Voor zover verweerster zich op het standpunt stelt dat gelet op de Covid-19 (lockdown) periode verweerster weinig tot geen werkzaamheden heeft kunnen verrichten waardoor verzoeker weinig heeft gewerkt doch wel iedere maand loon uitbetaald heeft gekregen en dus dat om die reden geen verplichting bestaat om de niet genoten vakantiedagen in geld uit te betalen, slaagt dat niet. Gesteld noch gebleken is immers dat partijen daaromtrent een afspraak hebben gemaakt.

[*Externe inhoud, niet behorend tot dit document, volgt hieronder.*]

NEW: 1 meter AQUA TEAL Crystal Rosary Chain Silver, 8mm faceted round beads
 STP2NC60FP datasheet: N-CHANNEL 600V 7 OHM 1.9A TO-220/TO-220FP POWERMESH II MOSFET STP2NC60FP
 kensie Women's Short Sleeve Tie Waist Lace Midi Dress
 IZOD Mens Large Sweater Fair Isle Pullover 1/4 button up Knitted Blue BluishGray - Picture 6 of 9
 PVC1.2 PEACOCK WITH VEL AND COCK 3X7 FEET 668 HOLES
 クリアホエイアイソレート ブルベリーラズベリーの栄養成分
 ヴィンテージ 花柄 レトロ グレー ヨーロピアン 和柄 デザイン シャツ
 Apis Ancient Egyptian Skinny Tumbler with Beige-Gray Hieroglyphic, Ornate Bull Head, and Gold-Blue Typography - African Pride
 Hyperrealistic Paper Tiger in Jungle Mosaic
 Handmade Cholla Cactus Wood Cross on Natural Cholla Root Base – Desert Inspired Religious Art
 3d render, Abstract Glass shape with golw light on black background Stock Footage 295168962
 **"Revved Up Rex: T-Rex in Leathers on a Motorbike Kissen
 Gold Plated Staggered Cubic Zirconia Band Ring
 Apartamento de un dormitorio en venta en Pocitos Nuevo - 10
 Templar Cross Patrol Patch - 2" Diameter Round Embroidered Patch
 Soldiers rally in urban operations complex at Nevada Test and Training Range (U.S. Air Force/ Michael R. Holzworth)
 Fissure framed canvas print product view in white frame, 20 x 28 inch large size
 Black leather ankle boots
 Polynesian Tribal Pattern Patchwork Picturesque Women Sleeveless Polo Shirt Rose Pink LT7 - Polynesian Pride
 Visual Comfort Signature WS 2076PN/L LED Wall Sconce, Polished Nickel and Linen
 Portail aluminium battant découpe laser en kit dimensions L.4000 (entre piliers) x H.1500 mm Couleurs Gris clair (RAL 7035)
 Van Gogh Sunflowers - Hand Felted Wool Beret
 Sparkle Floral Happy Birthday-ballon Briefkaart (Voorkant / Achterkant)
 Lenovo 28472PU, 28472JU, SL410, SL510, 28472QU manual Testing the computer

Voor het geval verweerster beoogd heeft te stellen dat gelet op het voorgaande het onder III gevorderde in strijd is met de redelijkheid en billijkheid, slaagt dat evenmin. Van verweerster had dan verwacht mogen worden dat zij dat met verzoeker bespreekbaar had gemaakt, dan wel daartoe een concreet verzoek aan verzoeker zou hebben gedaan. Dat verzoeker niet om vakantiedagen heeft gevraagd doet daaraan niet af. Derhalve wordt het onder III gevorderde toegewezen.
3.16.
Het onder IV gevorderde wordt, als zijnde niet weersproken, toegewezen.
3.17.
Verweerster wordt, als de in het ongelijk gestelde partij, verwezen in de proceskosten begroot op:
Griffierechten NAf 50,=
Gemachtigdensalaris
NAf 1.000,= +
NAf 1.050,=

4.De beslissing

Het Gerecht:

4.1.
veroordeelt verweerster tot het betalen aan verzoeker van het bruto maandsalaris over de maand juli 2021 ad NAf 5.500,= minus NAf 579,54, vermeerderd met de gematigde vertragingsrente ad 10% daarover;
4.2.
veroordeelt verweerster tot uitbetaling aan verzoeker van in totaal 24 niet opgenomen vakantiedagen;
4.3.
veroordeelt verweerster tot afgifte aan verzoeker van de loonstroken;
4.4.
veroordeelt verweerster in de kosten deze procedure begroot op NAf 1.050,=;
4.5.
verklaart de beschikking tot zover uitvoerbaar bij voorraad;
4.6.
wijst af hetgeen meer of anders is verzocht.
Deze beschikking is gegeven door mr. U.I.D. Luydens, rechter in het Gerecht in eerste aanleg van Curaçao, en in aanwezigheid van de griffier in het openbaar uitgesproken op 29 november 2021.